Away from the issue of awards, Douglas Tuck also offers a long comment on politics in architecture in general. For the sake of brevity you can ready the full comment here, but the key points are excerpted below:
"Obviously the NEO Bankside apartments are emotive. In every dream home a heartache... But as a piece of architecture they are fine. Better than most. There are some good ideas, they address the site and - presumably - fulfil client requirements, and do all this in an elegant and novel way: the architect has done his job... Now, the motive of the developer (pseudo benevolent greed) or the insipid weakness of the planning authority in expediting their obligations, well, that is another matter. I think they fall short. The planners, bless, they are so easily corrupted. So that part is simply a combination of greed and politics. Nothing to do with the architect. If Rogers had declined the scheme it would have been developed by some other architectural office. Lets face it, probably one much, much less talented... The Architect has one choice and one alone - either take the job or let it go - and if you do let it go then someone else does it. But it will get built. So try to imagine Neo done by those clowns at Vignelli and ask yourself how well did Rogers office do. I think they spared us a fate much worse." - Douglas Tuck
However, this attitude is perhaps countered elsewhere in the comment thread by "g" who says:
"I think you'll find that if Architects stop prostrating themselves in front of developers en-masse, developers will suddenly not have anybody to do the work for them. You can't just excuse an architect's association with a socially irresponsible project by saying it's all the developers fault. It's the architect that chose to accept the commission. Its the same with the profession's relatively low fees - we refuse to acknowledge our potential worth or power and instead spend our careers undercutting each other morally and financially." - g
I think this is a fascinating debate, and I'd love to hear what our other readers think. Could architects ever organize to stop "undercutting each other morally and financially"? Is it even their job t do so? Let us know in the comments below.
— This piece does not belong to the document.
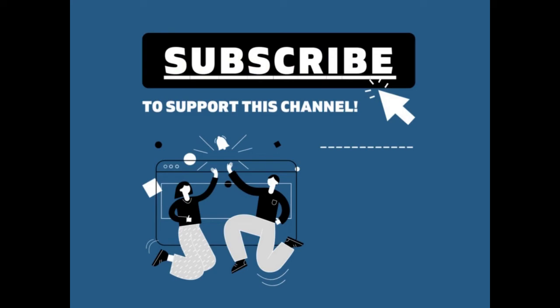Thanks for watching the video. Please consider subscribing and supporting the channel so I can do more of these in the future. I appreciate it. Thank you.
An Award for Santiago Calatrava?
The reaction to Santiago Calatrava receiving the European Prize for Architecture was predictably fierce. But among the melee, commenters scot sims and David J Gill managed to push an alternative viewpoint just enough to provoke an interesting debate:
"And here is the problem with the profession. We have an architecture institution rewarding an architect who, over the last few years has had a lot of issues with his buildings. These (insular/ivory tower) institutions which see themselves as the vanguard to the profession are totally out of touch. Here is an architect whose buildings have had major issues. Forget being "a visionary theorist, philosopher and utopian and a true artist in the craft of engineering and architectonic expressionism." Is your building working? What's the point of being an "artist with architectonic expressionism" in the field of architecture, if your buildings are plagued with problems?" - com_on
"I seem to remember there being many issues with roofs leaking, etc. on many FLW houses, and replacing every single window in IM Pei's Hancock Tower. Long term? Big deal." - scot sims
"I think you mean to say that we don't judge architecture and architects by the quality of the roofing contractor's work or by a window manufacturer's technical design detail." - David J Gill
"Good point about FLW buidlings, but that was decades ago, where clients were not that well informed, and the dynamic between architecture and society was different. Today imagine telling a client to rearrange the furniture to avoid the leaking, or having issues with leaking roofs. You'll get your pants sued off." - Com_on
What do our other readers think? To what extent should an architect be held responsible for the build quality of their designs - and will Santiago Calatrava ever be vindicated like Frank Lloyd Wright has been?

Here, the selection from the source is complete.